Fully Automated Myocardial Strain Estimation from CMR Tagged Images
using a Deep Learning Framework in the UK Biobank
- URL: http://arxiv.org/abs/2004.07064v1
- Date: Wed, 15 Apr 2020 12:49:15 GMT
- Title: Fully Automated Myocardial Strain Estimation from CMR Tagged Images
using a Deep Learning Framework in the UK Biobank
- Authors: Edward Ferdian, Avan Suinesiaputra, Kenneth Fung, Nay Aung, Elena
Lukaschuk, Ahmet Barutcu, Edd Maclean, Jose Paiva, Stefan K. Piechnik, Stefan
Neubauer, Steffen E Petersen, and Alistair A. Young
- Abstract summary: The aim of this study is to demonstrate the feasibility and performance of a fully automated deep learning framework to estimate myocardial strain from short-axis cardiac magnetic resonance tagged images.
The framework reproduced significant reductions in circumferential strain in diabetics, hypertensives, and participants with previous heart attack.

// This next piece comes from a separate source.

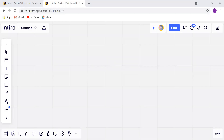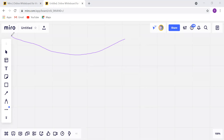How to change your name in Miro. First of all, you will open the application. You will go to the left side and you will click on Miro. You will click on it.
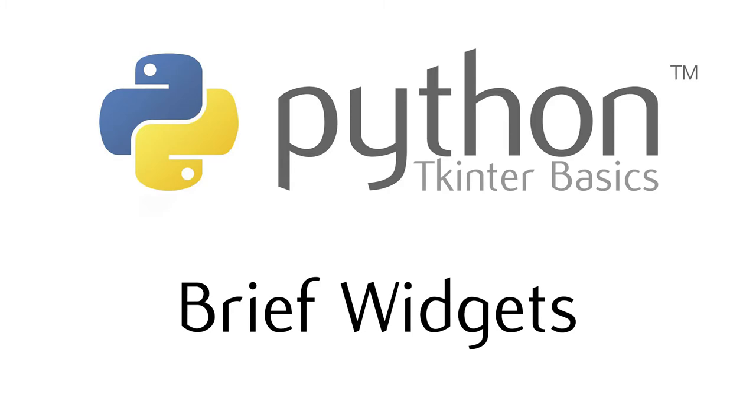This video is about a more efficient, briefer way of putting your widgets into your Tkinter interface.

- Score: 0.33271859484894845
- License: http://creativecommons.org/licenses/by-nc-sa/4.0/
- Abstract: Purpose: To demonstrate the feasibility and performance of a fully automated
deep learning framework to estimate myocardial strain from short-axis cardiac
magnetic resonance tagged images. Methods and Materials: In this retrospective
cross-sectional study, 4508 cases from the UK Biobank were split randomly into
3244 training and 812 validation cases, and 452 test cases. Ground truth
myocardial landmarks were defined and tracked by manual initialization and
correction of deformable image registration using previously validated software
with five readers. The fully automatic framework consisted of 1) a
convolutional neural network (CNN) for localization, and 2) a combination of a
recurrent neural network (RNN) and a CNN to detect and track the myocardial
landmarks through the image sequence for each slice. Radial and circumferential
strain were then calculated from the motion of the landmarks and averaged on a
slice basis. Results: Within the test set, myocardial end-systolic
circumferential Green strain errors were -0.001 +/- 0.025, -0.001 +/- 0.021,
and 0.004 +/- 0.035 in basal, mid, and apical slices respectively (mean +/-
std. dev. of differences between predicted and manual strain). The framework
reproduced significant reductions in circumferential strain in diabetics,
hypertensives, and participants with previous heart attack. Typical processing
time was ~260 frames (~13 slices) per second on an NVIDIA Tesla K40 with 12GB
RAM, compared with 6-8 minutes per slice for the manual analysis. Conclusions:
The fully automated RNNCNN framework for analysis of myocardial strain enabled
unbiased strain evaluation in a high-throughput workflow, with similar ability
to distinguish impairment due to diabetes, hypertension, and previous heart
attack.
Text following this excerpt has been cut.